Anders - who was a lunar module
pilot on the Apollo 8 mission - took the iconic Earthrise photograph, one of
the most memorable and inspirational images of Earth from space. Taken on
Christmas Eve during the 1968 mission, the first crewed space flight to leave
Earth and reach the Moon, the picture shows the planet rising above the horizon
from the barren lunar surface. Anders later described it as his most
significant contribution to the space programme.
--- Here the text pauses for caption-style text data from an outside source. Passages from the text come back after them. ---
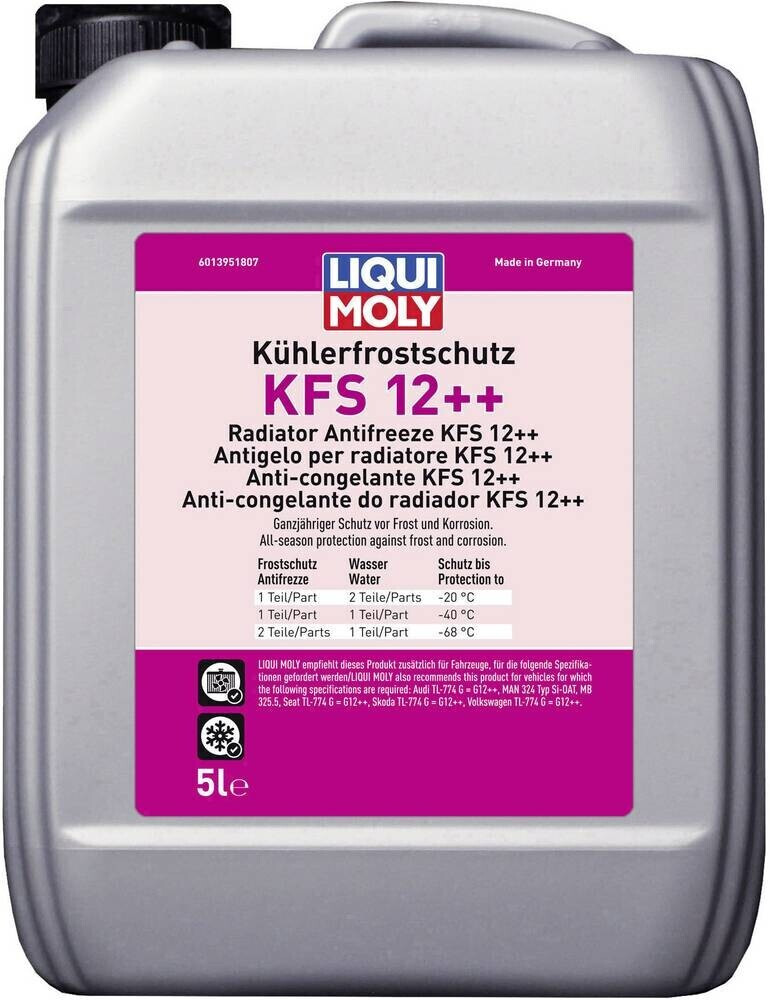 Liqui Moly Kühlerschutzmittel Liqui Moly Kühlerfrostschutz KFS 33 1 L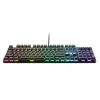 Trust GXT 871 Zora klávesnica gaming USB AZERTY belgická čierna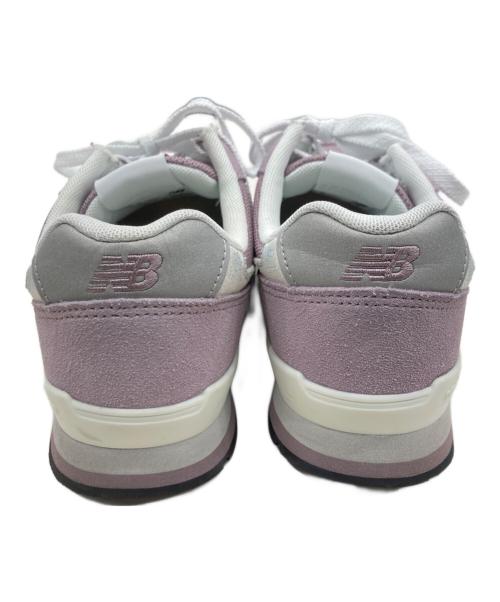 NEW BALANCE（ニューバランス）NEW BALANCE (ニューバランス) ローカットスニーカー ライトパープル サイズ:US7の古着・服飾アイテム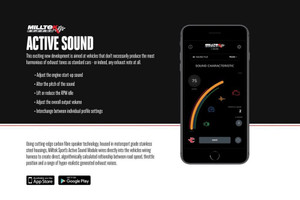 Milltek Ford Ranger Active Sound Control (Single Sound Generator Kit) - Ford Ranger 2.0TDCI & 3.2TDCI Pick-up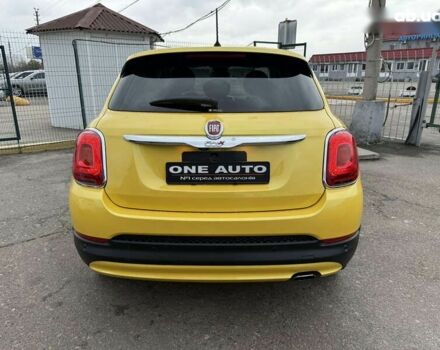 Фиат 500X, объемом двигателя 1.4 л и пробегом 95 тыс. км за 14190 $, фото 17 на Automoto.ua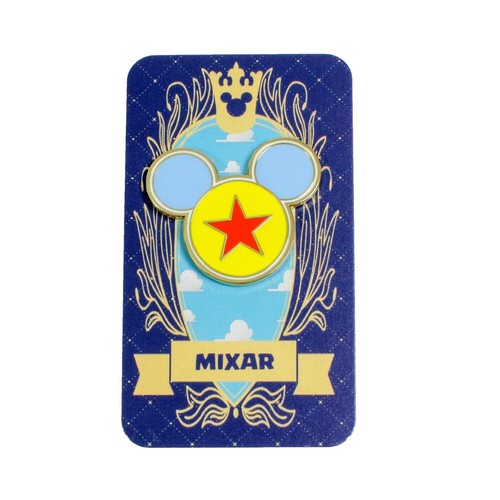 Mixar Pin From Crazy Nate - Picture 3 of 3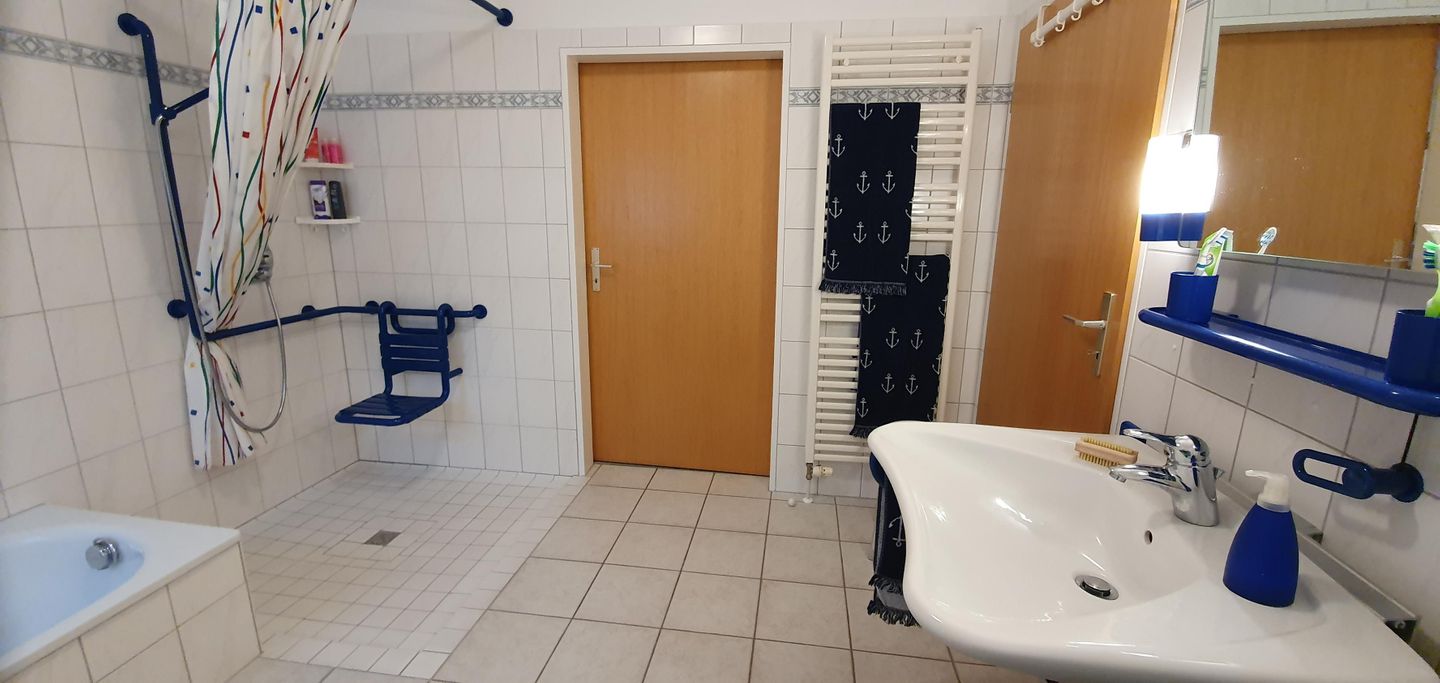  Ferienwohnung Königsberger Str. 18EG Carolinensiel - 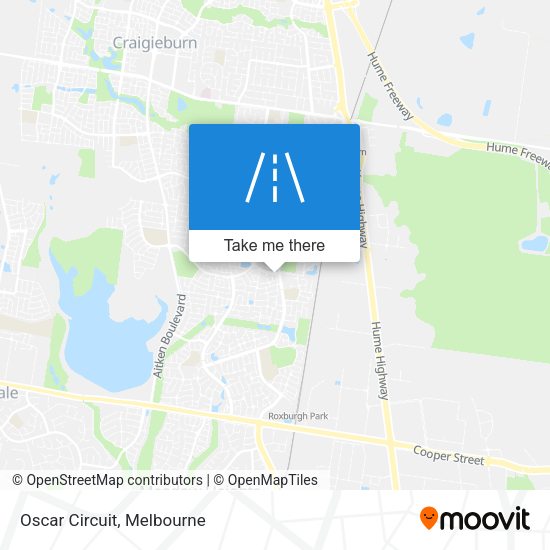 Oscar Circuit map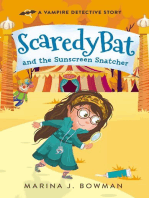 Scaredy Bat and the Sunscreen Snatcher: Scaredy Bat: A Vampire Detective Series, #2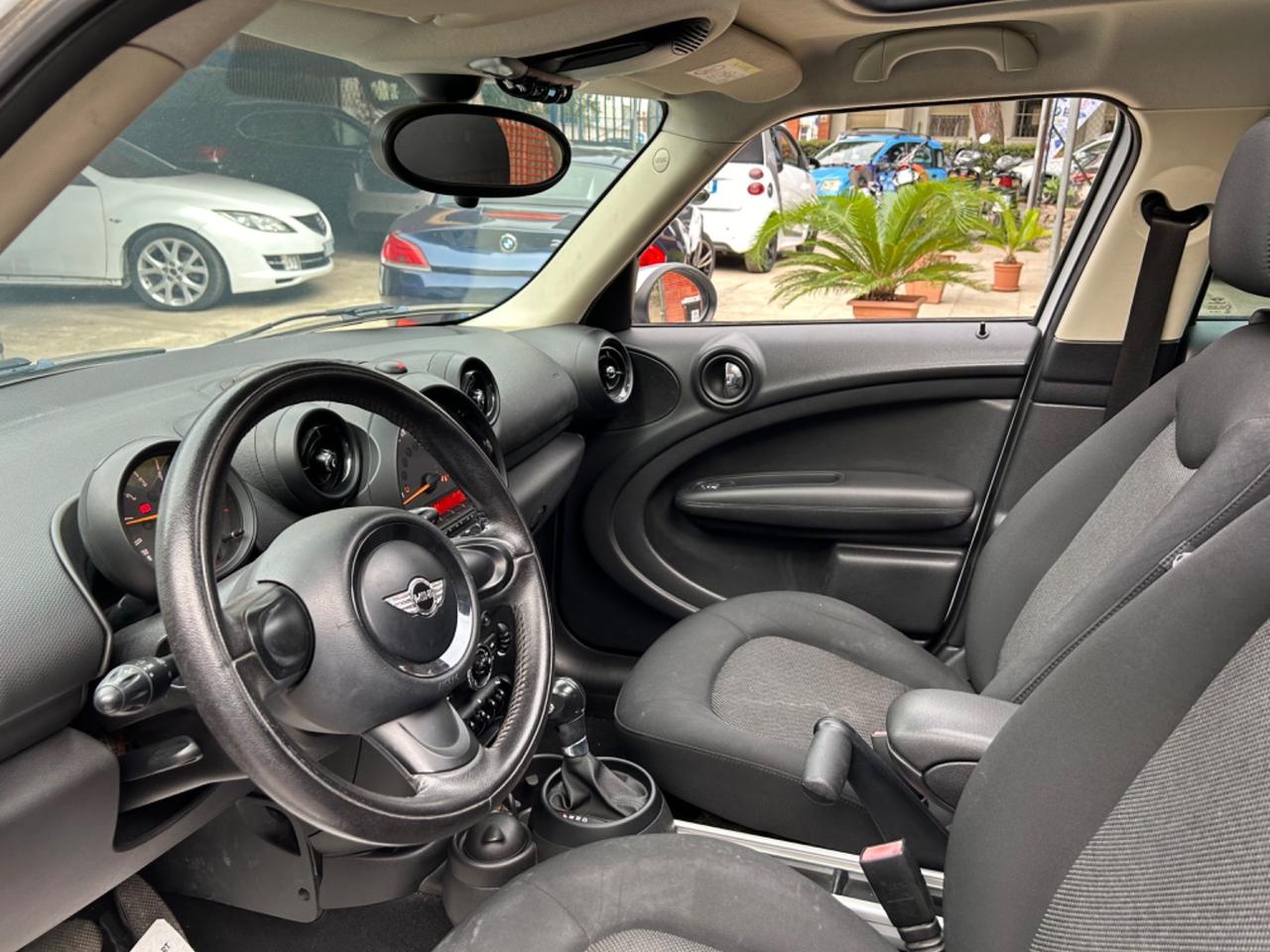 Mini Cooper D Countryman Automatica Tettuccio Apribile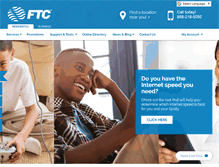 Tablet Screenshot of ftc-i.net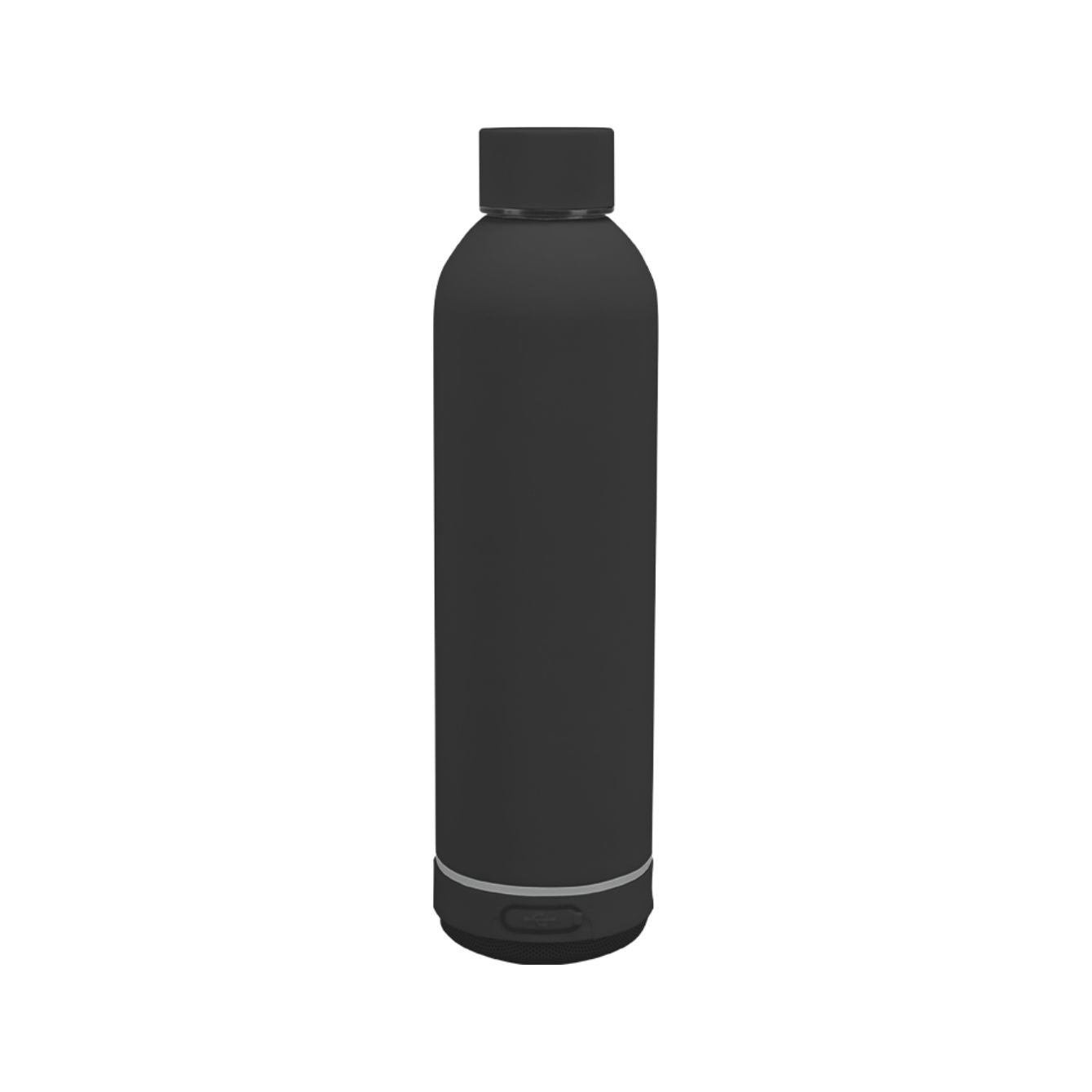 Borraccia termica con altoparlante Bluetooth.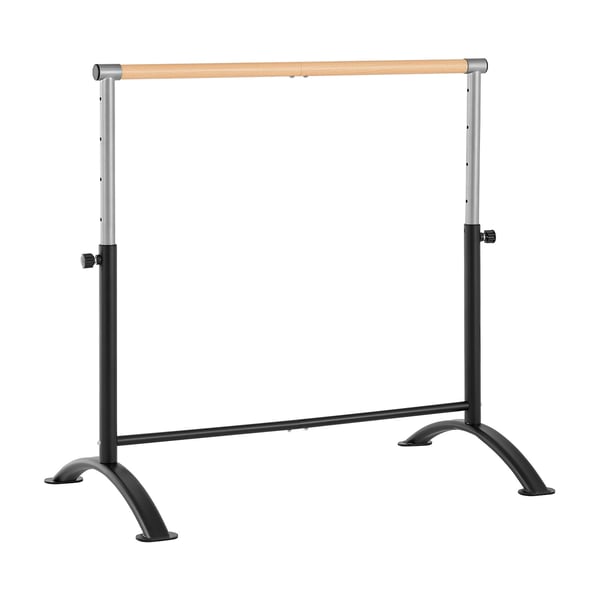Balletbarre, 119x69.5x112.5 cm, Sort, Justerbart stål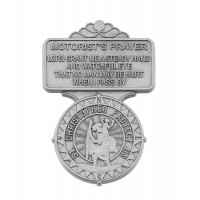 Motorist Prayer Visor Clip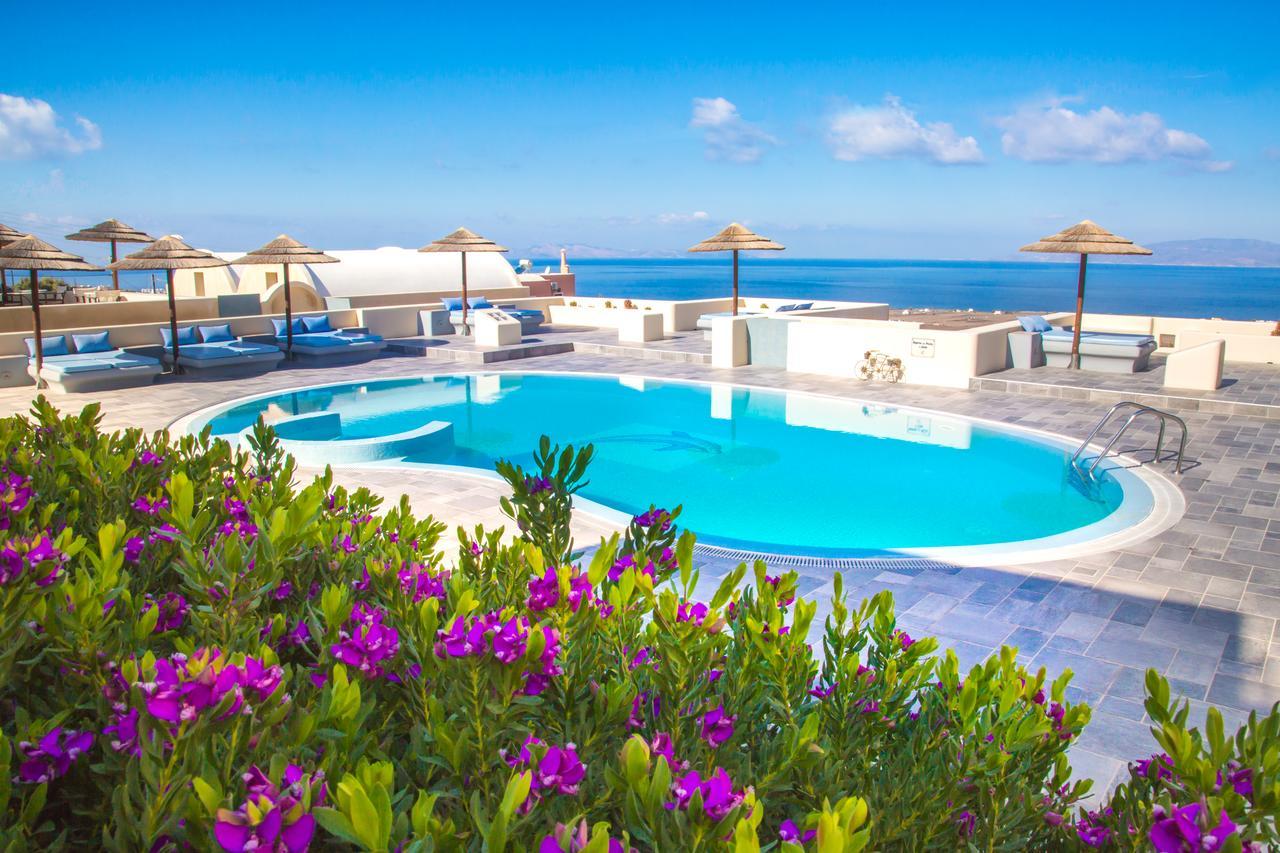 Anemoessa Villa Oía Buitenkant foto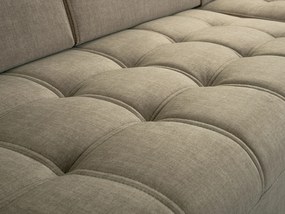 Sarokkanapé Belona (cappuccino) (J). 1042791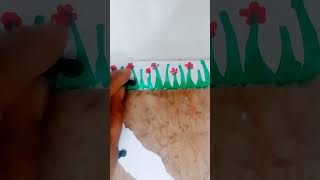 DIY Waste Paper Craft Ideasyoutubeshort easycraftt artandcraft art diycraft craft [upl. by Qirat630]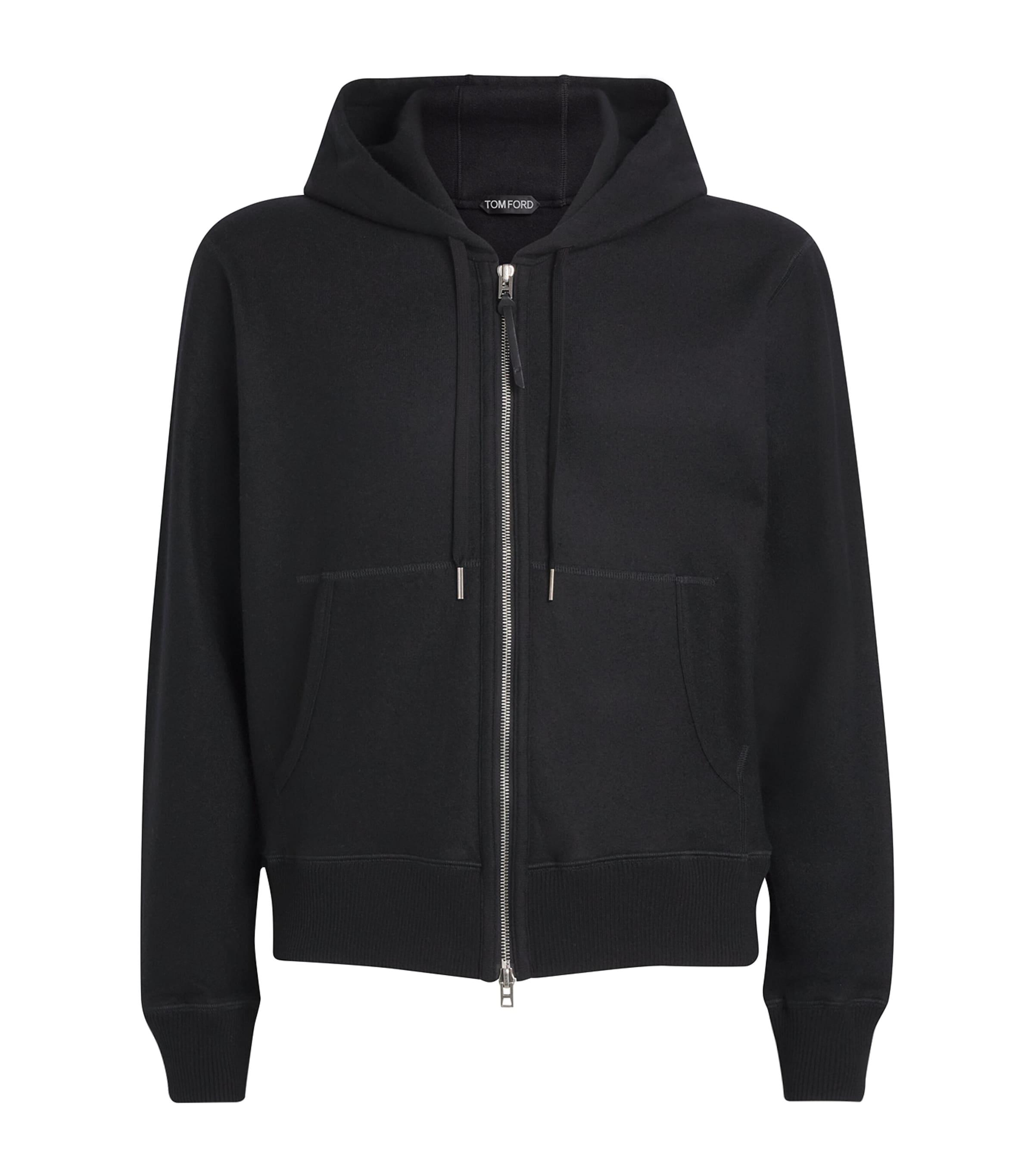 TOM FORD Cashmere Zip-Up Hoodie by TOM FORD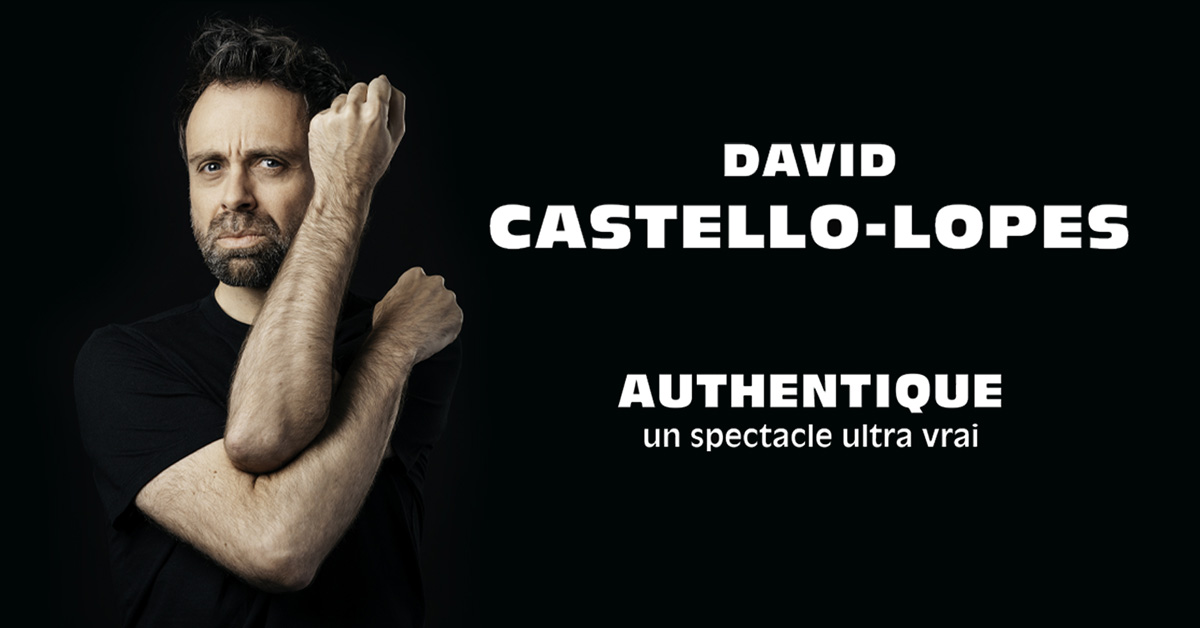 EN VENTE MAINTENANT: tickets pour le spectacle de David Castello-Lopes ! 📆 22.05.24 | Cirque Royal, Bruxelles 🎫 Infos & tickets: bit.ly/3Po7MUt #DavidCastelloLopes #CirqueRoyal # Bruxelles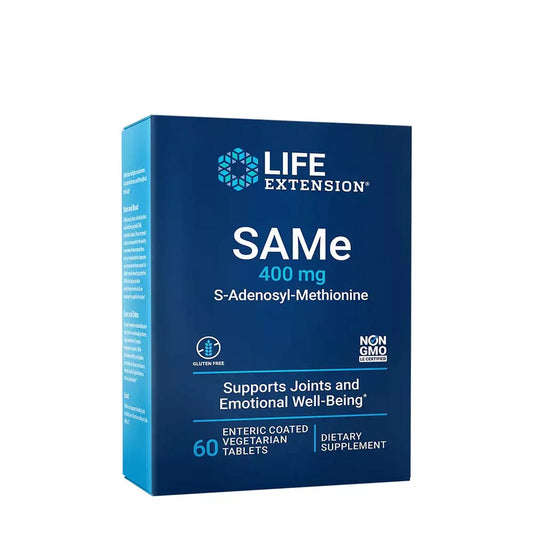 LIFE EXTENSION SAME 400 MG (S-ADENOSYL-METHIONINE)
The image is widely credited with
motivating the global environmental movement and leading to the creation of
Earth Day, an annual event to promote activism and awareness of caring for the
planet. Speaking of the moment, Anders said: "We came all this way to
explore the Moon, and the most important thing that we discovered was the
Earth."
Officials said that Anders' plane
crashed at around 11:40PDT (19:40BST). The US National Transportation Safety
Board (NTSB) said the 90-year-old was flying a Beechcraft A A 45 - also known
as a T-34. The agency said that the plane crashed about 80ft (25m) from the
coast of Jones Island. Witness Philip Person told King-TV in Seattle that he
saw the crash. The plane began doing what appeared to be a loop and became
inverted, he told the network. "I could not believe what I was seeing in
front of my eyes," Person told the local news station. "It looked
like something right out of a movie or special effects. With the large
explosion and flames and everything." Footage that allegedly captured the
plane crash appears to show an effort to pull up at the last second, before it
hits the surface of the water and becomes a fiery wreck. BBC News has not
verified the video.
Anders also served as the backup
pilot to the Apollo 11 mission, that led to the first Moon landing on July 20,
1969. Following Anders' retirement from the space programme in 1969, the former
astronaut largely worked in the aerospace industry for several decades. He also
served as US Ambassador to Norway for a year in the 1970s. But he is best
remembered for the Apollo 8 mission and the iconic photograph he took from
space. "In 1968, during Apollo 8, Bill Anders offered to humanity among
the deepest of gifts an astronaut can give. He travelled to the threshold of
the Moon and helped all of us see something else: ourselves," Nasa
Administrator Bill Nelson said in a statement. In a previous interview, he
described taking it after being given "a little bit of photography
training". He said: "We were in lunar orbit, upside down and going
backwards so for the first several revolutions we did not see the Earth and
then we twisted the spacecraft so it was going forward and suddenly out of the
corner of my eye I saw this colour - it was shocking. "So I just took a
shot, moved it took a shot, moved it." Mark Kelly, a former astronaut who
now serves as a US Senator for the state of Arizona, said in a post on X,
formerly Twitter, that Anders "inspired me and generations of astronauts
and explorers. My thoughts are with his family and friends".